How to complete this task: Reproduce the entries word for word but drop every picture.
[[ Supplied data open ]]
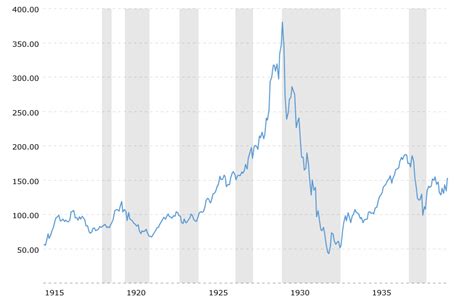 Dow Jones - Djia - 100 Year Historical Chart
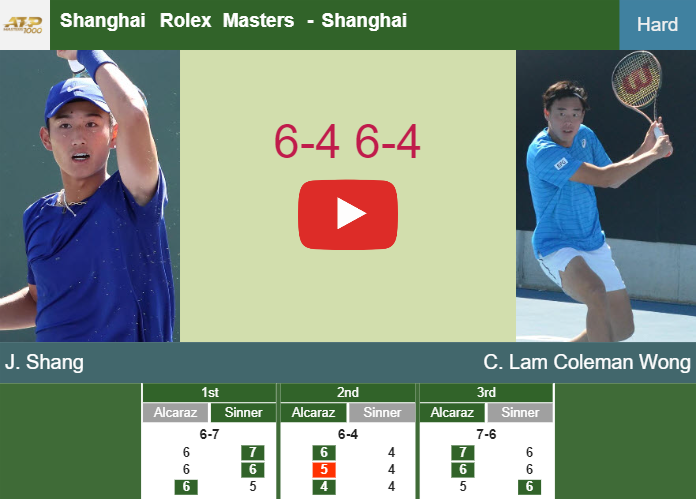 Prediction And Head To Head Juncheng Shang Vs. Chak Lam Coleman Wong 57tvq61ovd Prediction and head to head Juncheng Shang vs. Chak Lam Coleman Wong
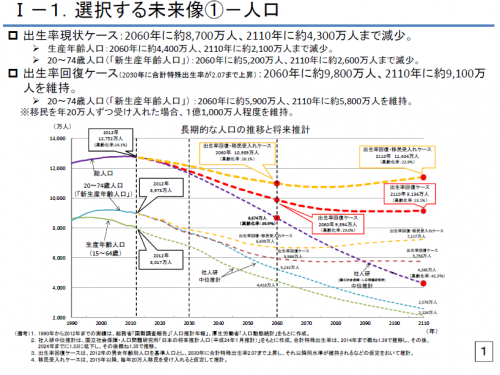 移民に関して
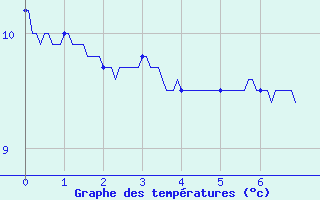 Courbe de tempratures pour Saint Roman-Diois (26)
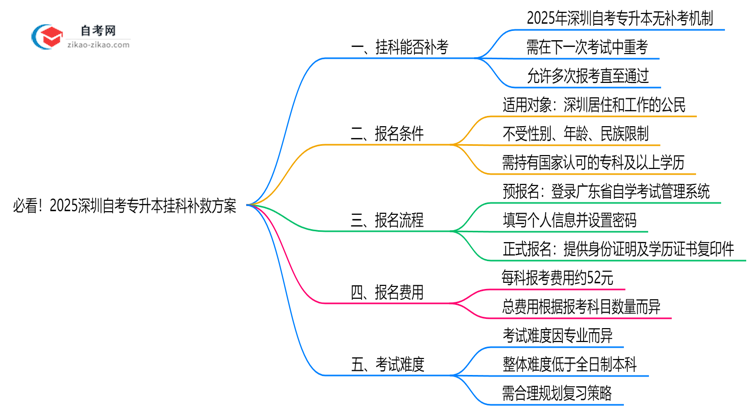 必看！2025深圳自考专升本挂科补救方案：重考次数新规思维导图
[[ Supplied data closed ]]
Response box:
 Dow Jones - Djia - 100 Year Historical Chart
 Prediction And Head To Head Juncheng Shang Vs. Chak Lam Coleman Wong 57tvq61ovd Prediction and head to head Juncheng Shang vs. Chak Lam Coleman Wong
 移民に関して
 Courbe de tempratures pour Saint Roman-Diois (26)
 必看！2025深圳自考专升本挂科补救方案：重考次数新规思维导图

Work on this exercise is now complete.